This is not an isolated disclosure. RoguePlanet is the seventh in a string of Windows zero-days released since April 2026 by a researcher operating under the name Nightmare Eclipse, in the middle of an increasingly public dispute with Microsoft over how the company handles vulnerability reports. Three of the six prior releases in this series were exploited in the wild before Microsoft shipped a fix. That history is the main reason this one deserves a faster response than "wait for Patch Tuesday."


What is RoguePlanet?

RoguePlanet is a proof-of-concept exploit for a Time-of-Check to Time-of-Use (TOCTOU) race condition in Microsoft Defender's real-time scanning and remediation engine, the component that runs inside MsMpEng.exe under the WinDefend service with SYSTEM privileges. A TOCTOU flaw exploits the gap between the moment a system checks something (in this case, a file path) and the moment it acts on that check; an attacker who can win that timing window can redirect the action somewhere the system never intended.
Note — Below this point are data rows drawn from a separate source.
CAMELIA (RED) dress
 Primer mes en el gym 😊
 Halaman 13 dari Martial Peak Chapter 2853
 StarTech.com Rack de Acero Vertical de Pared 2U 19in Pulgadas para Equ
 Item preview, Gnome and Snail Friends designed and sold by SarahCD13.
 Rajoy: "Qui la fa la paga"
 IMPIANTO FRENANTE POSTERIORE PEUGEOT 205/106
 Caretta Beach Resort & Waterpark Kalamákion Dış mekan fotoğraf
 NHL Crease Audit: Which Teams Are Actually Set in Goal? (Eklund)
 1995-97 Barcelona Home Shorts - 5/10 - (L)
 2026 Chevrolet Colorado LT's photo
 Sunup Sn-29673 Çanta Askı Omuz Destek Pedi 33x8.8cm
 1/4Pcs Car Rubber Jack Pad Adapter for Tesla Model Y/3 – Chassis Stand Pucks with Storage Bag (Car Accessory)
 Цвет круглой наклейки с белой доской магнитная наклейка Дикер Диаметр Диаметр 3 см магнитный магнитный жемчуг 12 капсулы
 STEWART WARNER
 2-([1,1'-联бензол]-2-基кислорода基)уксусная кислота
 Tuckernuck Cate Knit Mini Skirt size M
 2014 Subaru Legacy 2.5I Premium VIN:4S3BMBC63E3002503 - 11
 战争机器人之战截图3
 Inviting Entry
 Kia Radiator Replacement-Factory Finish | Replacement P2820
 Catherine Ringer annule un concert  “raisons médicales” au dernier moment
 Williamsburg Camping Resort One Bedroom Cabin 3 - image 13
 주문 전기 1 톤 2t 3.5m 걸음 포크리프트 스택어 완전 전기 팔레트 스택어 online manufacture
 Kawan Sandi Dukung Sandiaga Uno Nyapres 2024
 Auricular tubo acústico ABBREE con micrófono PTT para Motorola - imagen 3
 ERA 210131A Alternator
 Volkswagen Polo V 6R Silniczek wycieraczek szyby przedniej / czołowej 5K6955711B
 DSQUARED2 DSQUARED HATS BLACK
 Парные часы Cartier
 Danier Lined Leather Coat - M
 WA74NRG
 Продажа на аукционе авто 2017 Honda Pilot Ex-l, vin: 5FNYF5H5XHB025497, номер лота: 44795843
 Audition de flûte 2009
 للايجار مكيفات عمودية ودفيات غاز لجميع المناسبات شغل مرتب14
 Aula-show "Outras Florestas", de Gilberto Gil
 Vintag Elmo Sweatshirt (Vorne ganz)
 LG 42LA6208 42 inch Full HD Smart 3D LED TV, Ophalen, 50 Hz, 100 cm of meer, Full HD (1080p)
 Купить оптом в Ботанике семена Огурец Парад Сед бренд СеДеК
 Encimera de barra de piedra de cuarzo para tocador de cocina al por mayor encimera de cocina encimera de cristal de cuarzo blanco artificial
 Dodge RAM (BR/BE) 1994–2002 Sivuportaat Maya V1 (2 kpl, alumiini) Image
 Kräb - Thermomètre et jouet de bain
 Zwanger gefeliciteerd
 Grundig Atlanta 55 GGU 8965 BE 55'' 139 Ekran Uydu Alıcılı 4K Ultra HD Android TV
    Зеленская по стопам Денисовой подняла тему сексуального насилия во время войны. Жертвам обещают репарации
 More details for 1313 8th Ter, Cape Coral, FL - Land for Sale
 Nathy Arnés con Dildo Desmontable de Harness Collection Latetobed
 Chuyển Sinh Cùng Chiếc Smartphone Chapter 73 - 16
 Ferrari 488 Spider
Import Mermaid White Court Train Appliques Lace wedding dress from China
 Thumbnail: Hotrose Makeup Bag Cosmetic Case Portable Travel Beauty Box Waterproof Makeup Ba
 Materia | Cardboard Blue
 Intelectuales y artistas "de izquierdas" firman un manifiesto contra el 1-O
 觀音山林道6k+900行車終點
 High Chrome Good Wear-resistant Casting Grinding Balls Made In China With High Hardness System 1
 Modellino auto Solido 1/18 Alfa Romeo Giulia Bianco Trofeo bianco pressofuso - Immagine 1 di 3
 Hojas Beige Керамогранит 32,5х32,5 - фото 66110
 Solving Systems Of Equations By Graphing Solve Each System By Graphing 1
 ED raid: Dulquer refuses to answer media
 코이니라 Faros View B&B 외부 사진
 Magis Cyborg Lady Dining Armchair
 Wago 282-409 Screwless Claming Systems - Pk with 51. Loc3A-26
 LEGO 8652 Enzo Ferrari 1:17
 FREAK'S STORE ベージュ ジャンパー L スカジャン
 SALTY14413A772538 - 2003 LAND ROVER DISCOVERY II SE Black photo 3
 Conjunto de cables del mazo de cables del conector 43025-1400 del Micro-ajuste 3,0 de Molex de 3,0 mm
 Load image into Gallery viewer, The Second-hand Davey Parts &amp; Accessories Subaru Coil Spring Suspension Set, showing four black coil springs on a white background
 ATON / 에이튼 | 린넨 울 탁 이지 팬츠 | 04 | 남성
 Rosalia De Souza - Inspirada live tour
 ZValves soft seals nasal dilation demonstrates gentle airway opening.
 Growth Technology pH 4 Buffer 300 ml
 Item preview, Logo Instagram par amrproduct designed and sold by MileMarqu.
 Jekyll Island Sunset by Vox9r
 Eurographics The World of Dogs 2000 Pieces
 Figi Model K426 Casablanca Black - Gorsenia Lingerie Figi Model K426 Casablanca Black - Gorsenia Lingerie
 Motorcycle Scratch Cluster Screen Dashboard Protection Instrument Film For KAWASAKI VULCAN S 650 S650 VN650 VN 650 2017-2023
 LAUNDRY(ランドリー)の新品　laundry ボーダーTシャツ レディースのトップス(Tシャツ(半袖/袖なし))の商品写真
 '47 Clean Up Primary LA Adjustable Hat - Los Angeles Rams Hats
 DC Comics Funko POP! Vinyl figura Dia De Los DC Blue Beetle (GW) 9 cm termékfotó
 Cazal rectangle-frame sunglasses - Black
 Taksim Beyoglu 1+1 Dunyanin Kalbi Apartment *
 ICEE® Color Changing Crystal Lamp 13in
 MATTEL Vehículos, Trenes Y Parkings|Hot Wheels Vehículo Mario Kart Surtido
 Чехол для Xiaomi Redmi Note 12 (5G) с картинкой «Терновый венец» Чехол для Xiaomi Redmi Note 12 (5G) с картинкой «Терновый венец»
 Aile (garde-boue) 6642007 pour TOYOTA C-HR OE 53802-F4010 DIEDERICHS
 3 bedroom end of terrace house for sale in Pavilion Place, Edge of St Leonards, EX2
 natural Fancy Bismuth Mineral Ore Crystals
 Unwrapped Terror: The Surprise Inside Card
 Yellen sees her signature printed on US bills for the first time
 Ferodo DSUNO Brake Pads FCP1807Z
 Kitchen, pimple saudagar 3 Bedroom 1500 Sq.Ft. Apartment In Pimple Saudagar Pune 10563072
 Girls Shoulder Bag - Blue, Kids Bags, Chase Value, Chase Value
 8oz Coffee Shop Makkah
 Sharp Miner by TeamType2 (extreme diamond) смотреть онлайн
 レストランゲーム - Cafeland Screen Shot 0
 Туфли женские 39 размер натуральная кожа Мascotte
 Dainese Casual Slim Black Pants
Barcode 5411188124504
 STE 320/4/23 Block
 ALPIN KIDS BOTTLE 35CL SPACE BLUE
Microsoft has since assigned the flaw CVE-2026-50656, an elevation of privilege vulnerability in the Microsoft Malware Protection Engine, roughly a week after the researcher's initial disclosure. As of June 17, 2026, Microsoft has confirmed the report and stated it is working on a fix, but no patch has shipped and no timeline has been given.

How the exploit works

The published technique abuses Defender's own remediation behavior against itself. The exploit writes an EICAR test-virus string into a decoy file made to look like wermgr.exe (the Windows Error Reporting executable), which triggers Defender's real-time scanner to flag and attempt to clean it. While that remediation is in progress, the exploit watches for the creation of a new HardDiskVolumeShadowCopy device, which gives it a timing signal for exactly when Defender is mid-operation, and requests an oplock on an alternate data stream of the target file. Winning that race lets the exploit substitute its own binary in place of the genuine wermgr.exe at C:\Windows\System32\wermgr.exe, all while Defender, operating as SYSTEM, is the one doing the writing.

Once the swap succeeds, the exploit manually triggers the \Microsoft\Windows\Windows Error Reporting\QueueReporting scheduled task, which is set to launch wermgr.exe with SYSTEM privileges by default. Because that file has now been replaced with the RoguePlanet binary, the scheduled task unwittingly launches the attacker's code instead, with full SYSTEM rights. From there the exploit connects back to the originating user session over a named pipe and hands over a command prompt running as NT AUTHORITY\SYSTEM, the highest privilege level on a Windows machine.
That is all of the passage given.